## [Description of the task]
Quote the entries below from the line with "Lululemon shorts size 6" through the line with "강원 원주에서 선거운동을", both ends included, and only those lines.

## [Information given]
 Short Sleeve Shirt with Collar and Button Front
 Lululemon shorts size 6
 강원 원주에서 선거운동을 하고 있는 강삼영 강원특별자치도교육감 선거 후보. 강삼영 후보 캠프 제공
==
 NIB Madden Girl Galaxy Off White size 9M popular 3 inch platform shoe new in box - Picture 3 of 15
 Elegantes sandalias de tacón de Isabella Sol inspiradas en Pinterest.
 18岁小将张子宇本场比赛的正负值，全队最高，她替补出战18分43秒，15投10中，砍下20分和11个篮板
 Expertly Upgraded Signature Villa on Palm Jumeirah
...
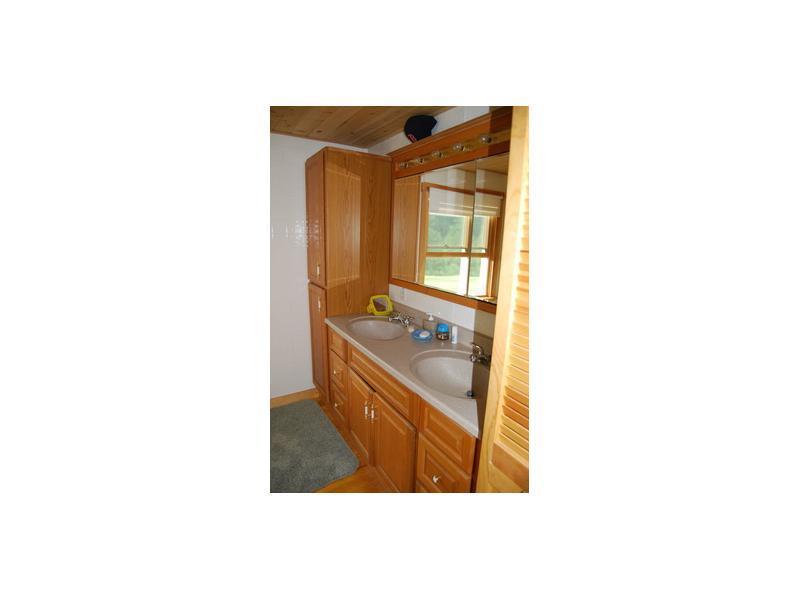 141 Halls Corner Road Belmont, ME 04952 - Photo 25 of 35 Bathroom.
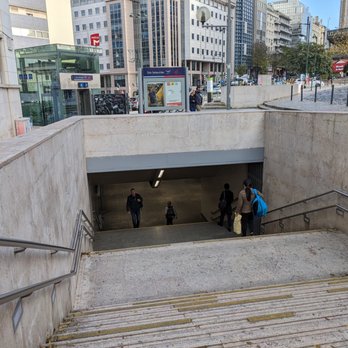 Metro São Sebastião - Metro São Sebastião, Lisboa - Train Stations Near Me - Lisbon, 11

## [Response for this exercise]
 Lululemon shorts size 6
 강원 원주에서 선거운동을 하고 있는 강삼영 강원특별자치도교육감 선거 후보. 강삼영 후보 캠프 제공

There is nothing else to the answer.